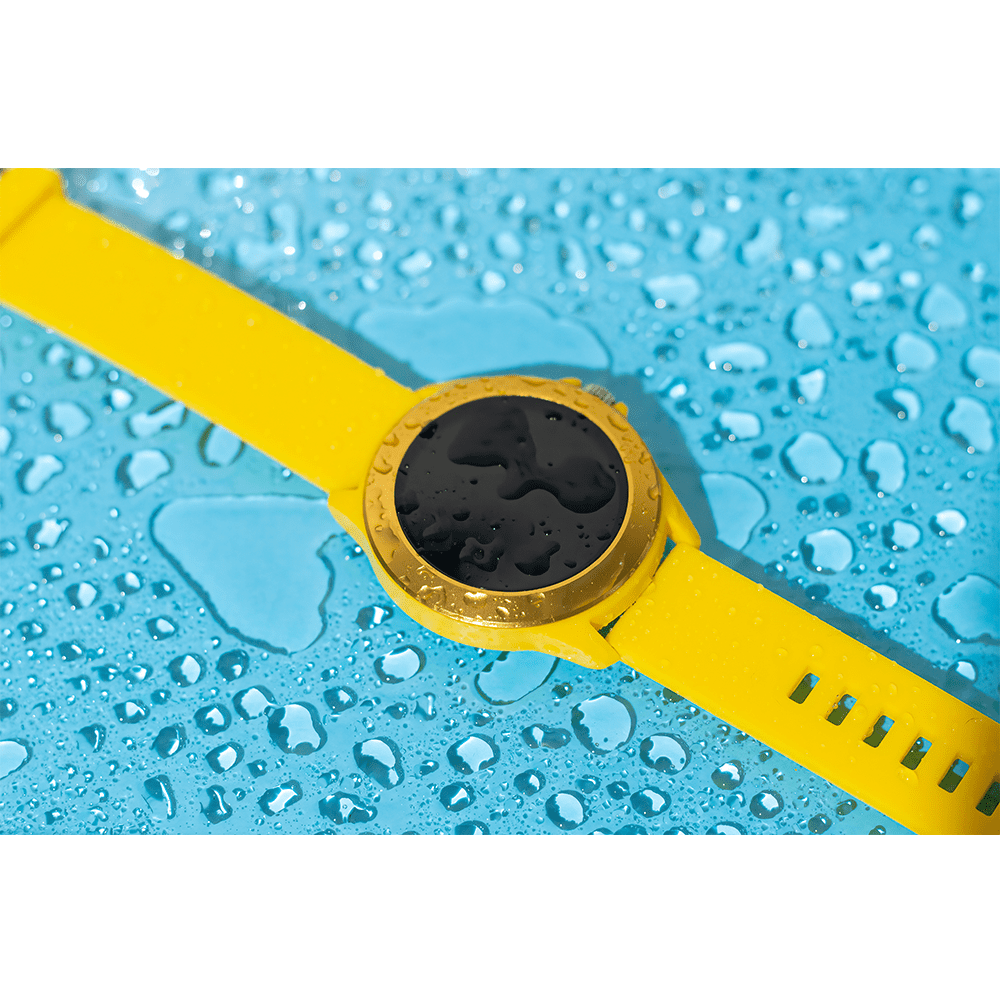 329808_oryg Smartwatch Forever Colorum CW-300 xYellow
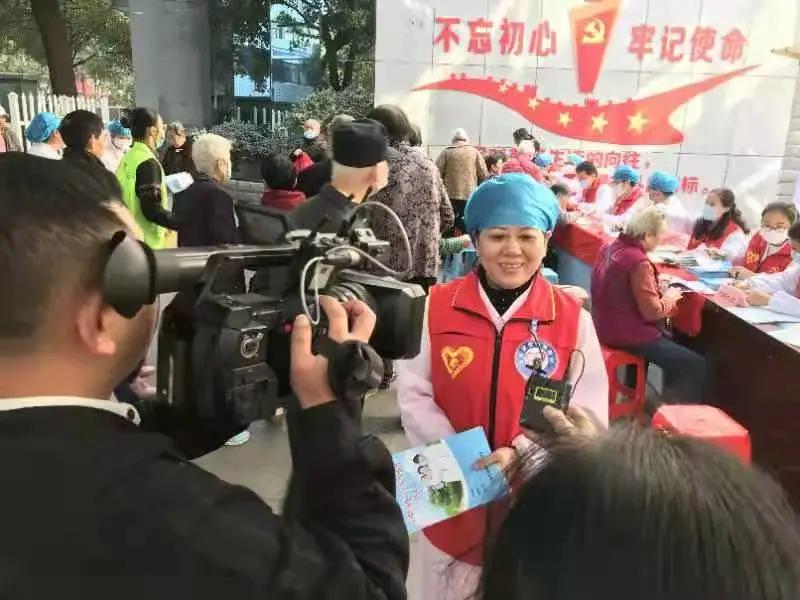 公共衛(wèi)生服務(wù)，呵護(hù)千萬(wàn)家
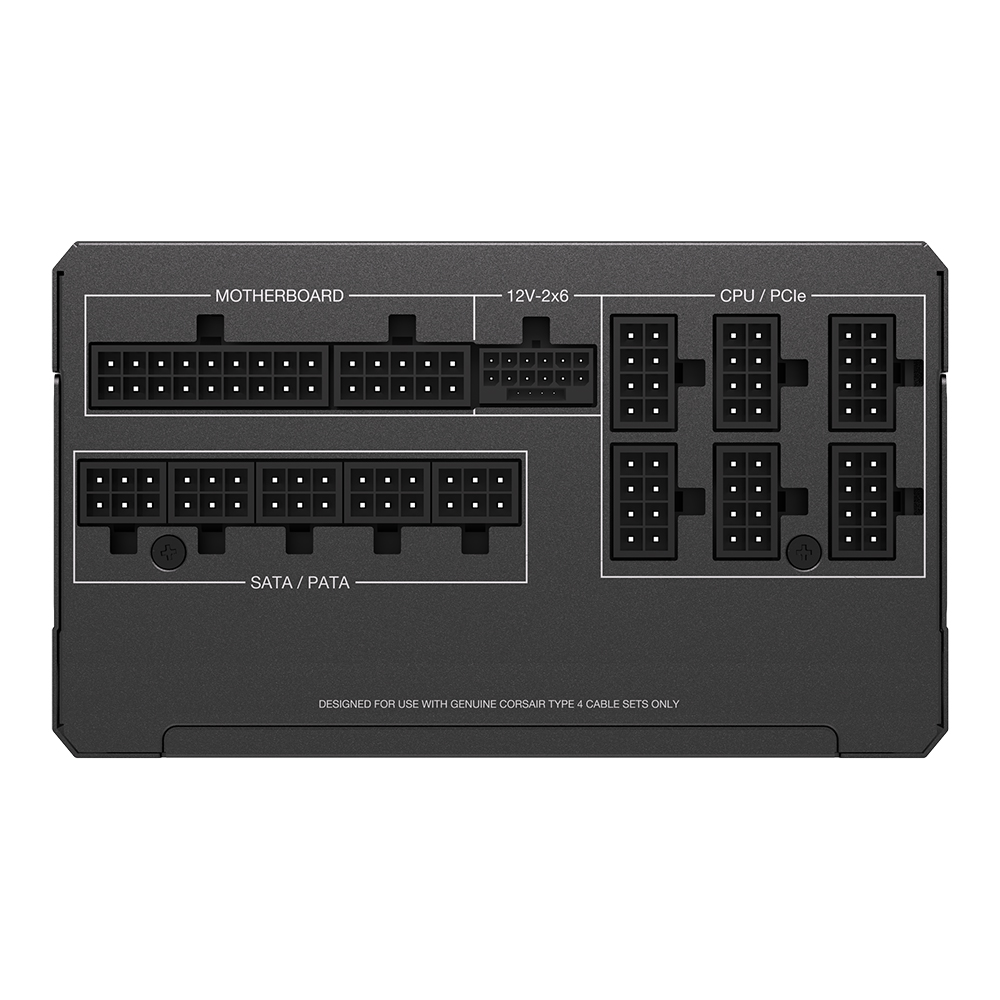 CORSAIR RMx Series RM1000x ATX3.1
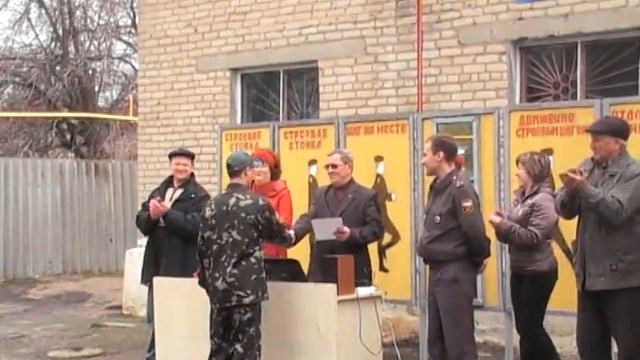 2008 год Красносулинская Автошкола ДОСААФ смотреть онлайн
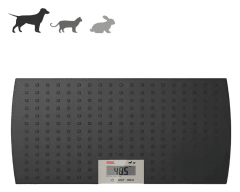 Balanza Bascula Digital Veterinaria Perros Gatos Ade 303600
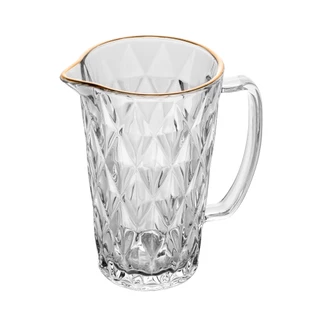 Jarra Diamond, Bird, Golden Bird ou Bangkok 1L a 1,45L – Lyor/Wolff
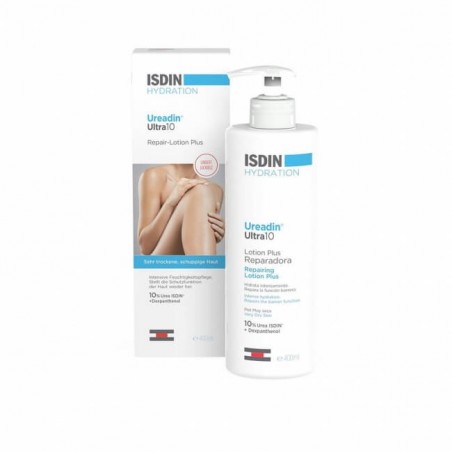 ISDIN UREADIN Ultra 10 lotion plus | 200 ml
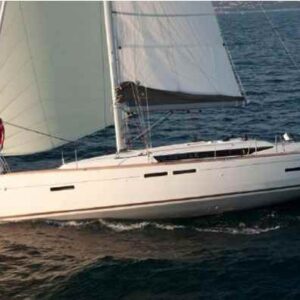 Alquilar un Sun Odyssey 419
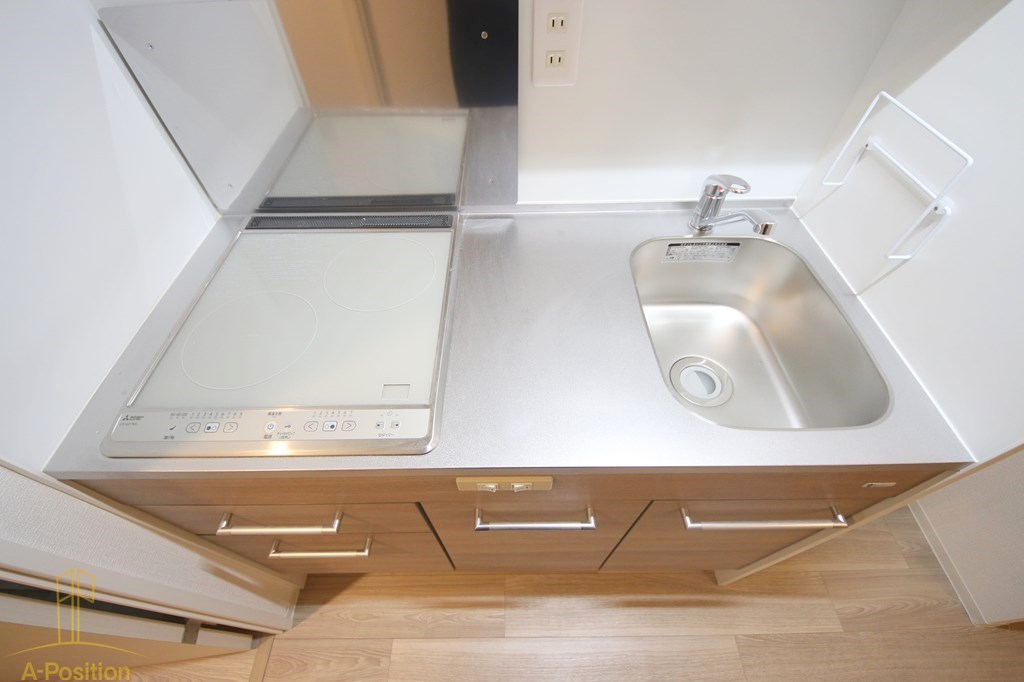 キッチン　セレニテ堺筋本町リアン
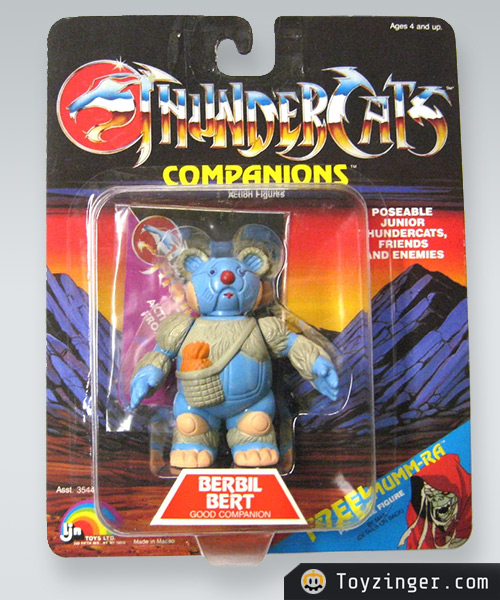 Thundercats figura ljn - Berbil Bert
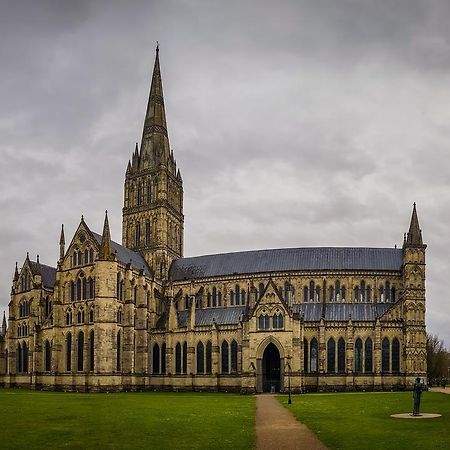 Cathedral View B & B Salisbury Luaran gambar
====
**WHAT THE TASK ASKS**
Above are the records; repeat them all exactly, without the pictures.

**WRITTEN RESPONSE**
 329808_oryg Smartwatch Forever Colorum CW-300 xYellow
 公共衛(wèi)生服務(wù)，呵護(hù)千萬(wàn)家
 CORSAIR RMx Series RM1000x ATX3.1
 2008 год Красносулинская Автошкола ДОСААФ смотреть онлайн
 Balanza Bascula Digital Veterinaria Perros Gatos Ade 303600
 Jarra Diamond, Bird, Golden Bird ou Bangkok 1L a 1,45L – Lyor/Wolff
 ISDIN UREADIN Ultra 10 lotion plus | 200 ml
 Alquilar un Sun Odyssey 419
 キッチン　セレニテ堺筋本町リアン
 Thundercats figura ljn - Berbil Bert
 Cathedral View B & B Salisbury Luaran gambar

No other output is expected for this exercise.